Quantifying spatial and dynamic lung abnormalities with 3D PREFUL FLORET UTE imaging: A feasibility study.

Purpose: Pulmonary MRI faces challenges due to low proton density, rapid transverse magnetization decay, and cardiac and respiratory motion. The fermat-looped orthogonally encoded trajectories (FLORET) sequence addresses these issues with high sampling efficiency, strong signal, and motion robustness, but has not yet been applied to phase-resolved functional lung (PREFUL) MRI-a contrast-free method for assessing pulmonary ventilation during free breathing. This study aims to develop a reconstruction pipeline for FLORET UTE, enhancing spatial resolution for three-dimensional (3D) PREFUL ventilation analysis.
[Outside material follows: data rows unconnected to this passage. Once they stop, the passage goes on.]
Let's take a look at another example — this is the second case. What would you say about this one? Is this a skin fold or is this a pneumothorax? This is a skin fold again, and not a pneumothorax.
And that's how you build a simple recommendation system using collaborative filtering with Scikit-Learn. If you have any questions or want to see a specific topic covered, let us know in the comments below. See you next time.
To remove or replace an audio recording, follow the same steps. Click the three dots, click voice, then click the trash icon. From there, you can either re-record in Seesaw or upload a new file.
Methods: The FLORET sequence was used to continuously acquire data over 7 ± 2 min in 36 participants, including healthy subjects (N = 7) and patients with various pulmonary conditions (N = 29). Data were reconstructed into respiratory images using motion-compensated low-rank reconstruction, and a 3D PREFUL algorithm was adapted to quantify static and dynamic ventilation surrogates. Image sharpness and signal-to-noise ratio were evaluated across different motion states. PREFUL ventilation metrics were compared with static ¹²⁹Xe ventilation MRI.
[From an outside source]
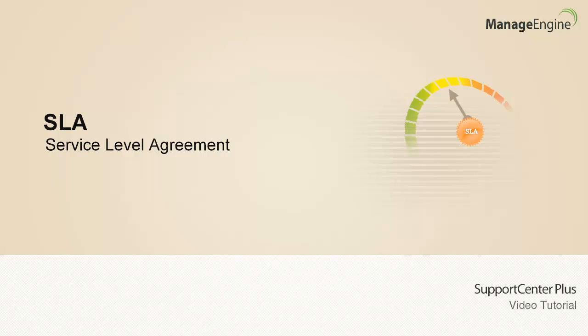Welcome to Support Center Plus video tutorial. This video shows how support services can be delivered at the right time using service level agreement.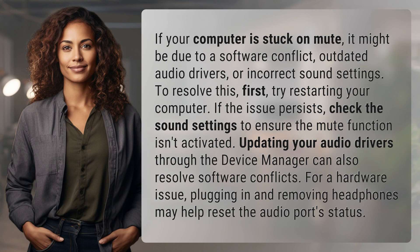To resolve this, first try restarting your computer. If the issue persists, check the sound settings to ensure the mute function isn't activated.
Results: Optimal image sharpness and accurate ventilation dynamics were achieved using 24 respiratory bins, leading to their use in the study. A strong correlation was found between 3D PREFUL FLORET UTE ventilation defect percentages (VDPs) and ¹²⁹Xe VDPs (r ≥ 0.61, p < 0.0001), although PREFUL FLORET static VDPs were significantly higher (mean bias = -10.1%, p < 0.0001). In diseased patients, dynamic ventilation parameters showed greater heterogeneity and better alignment with ¹²⁹Xe VDPs.

Conclusion: The proposed reconstruction pipeline for FLORET UTE MRI offers improved spatial resolution and strong correlation with ¹²⁹Xe MRI, enabling dynamic ventilation quantification that may reveal airflow abnormalities in lung disease.